The copy should run from the line containing "Jeep Cherokee Latitude 4WD 2018" through the last line of the entries below, exactly as written, with pictures omitted.

Stored records:
BEGIN

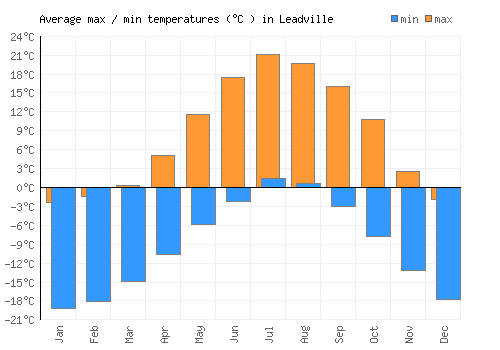 Leadville average minimum / maximum temperatures (Celsius)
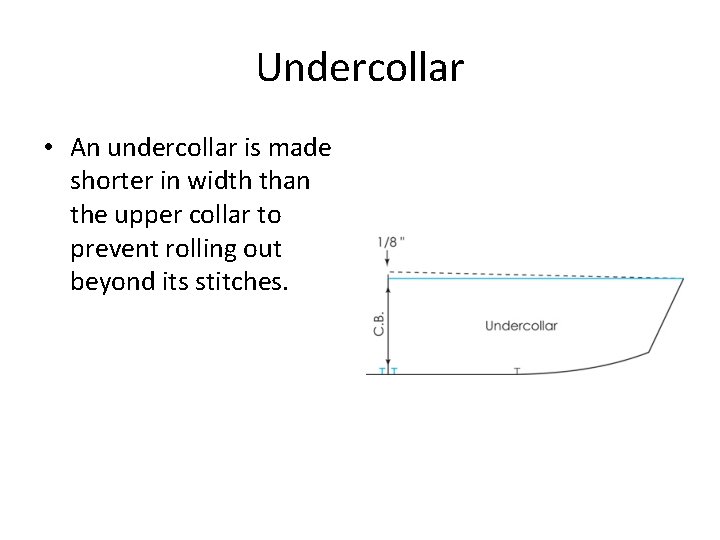 Undercollar • An undercollar is made shorter in width than the upper collar to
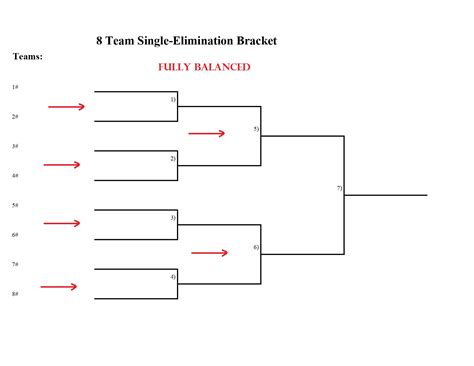 8 Team Tournament Bracket Made Easy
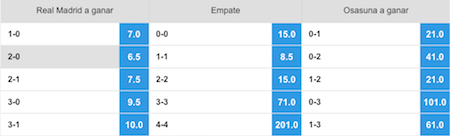 resultado exacto madrid vs osasuna en betfair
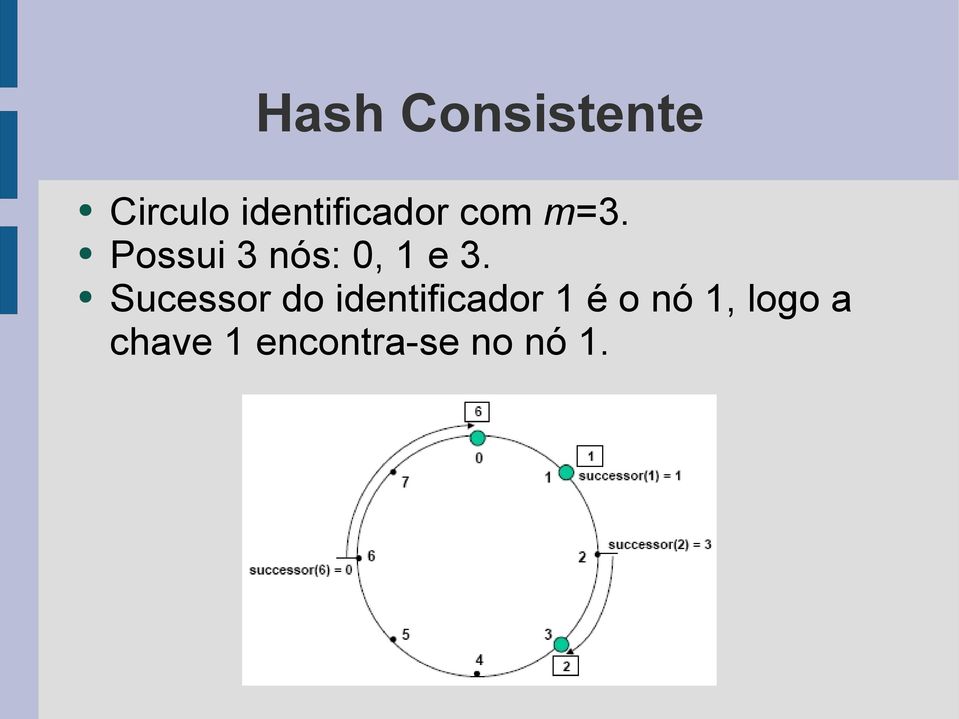 Possui 3 nós: 0, 1 e 3.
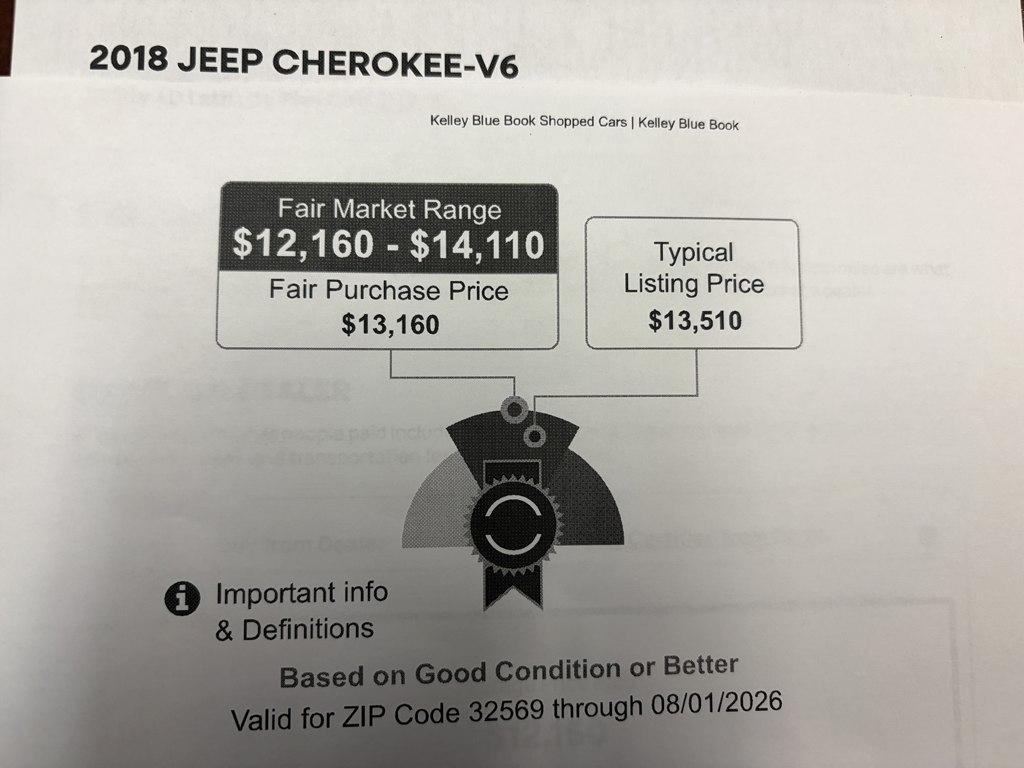 Jeep Cherokee Latitude 4WD 2018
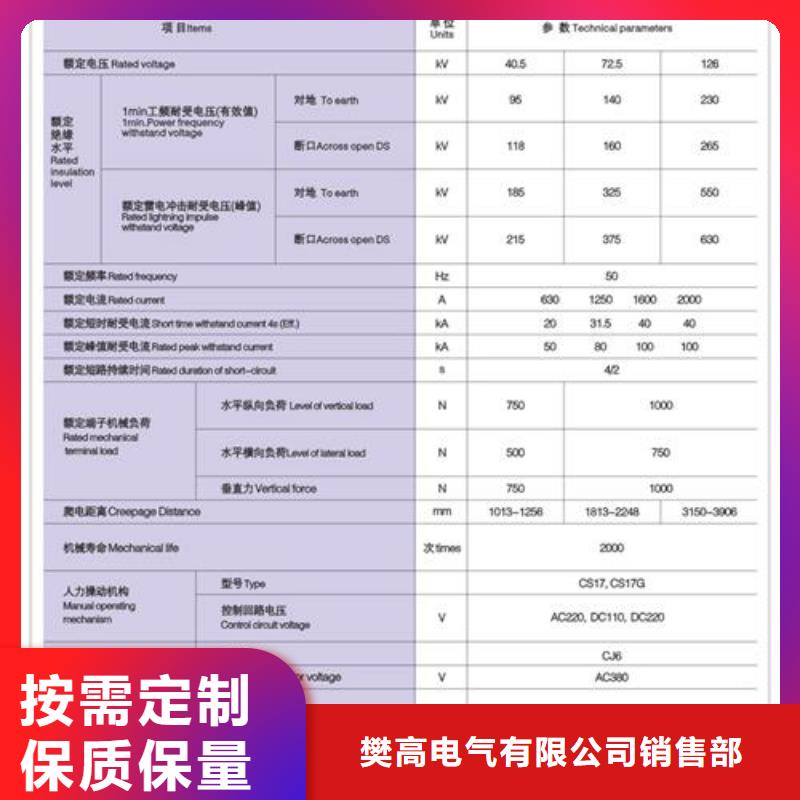 GW1-15W/1250A隔离开关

END

Result of this task:
 Jeep Cherokee Latitude 4WD 2018
 GW1-15W/1250A隔离开关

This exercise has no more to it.